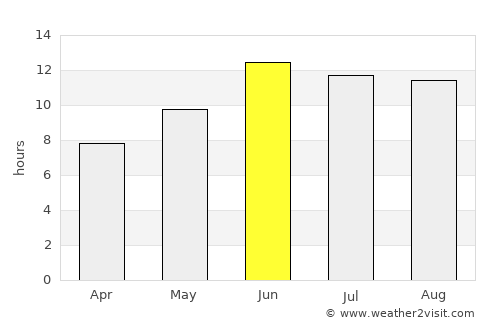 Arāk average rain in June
* * *
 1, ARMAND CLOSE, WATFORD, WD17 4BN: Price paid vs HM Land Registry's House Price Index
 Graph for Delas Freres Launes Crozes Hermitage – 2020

_How to complete this task_
Within the listing above, give again exactly every line from the line with "1, ARMAND CLOSE, WATFORD, WD17" through the line with "Graph for Delas", both included, and no other line.

_Result for this exercise_
 1, ARMAND CLOSE, WATFORD, WD17 4BN: Price paid vs HM Land Registry's House Price Index
 Graph for Delas Freres Launes Crozes Hermitage – 2020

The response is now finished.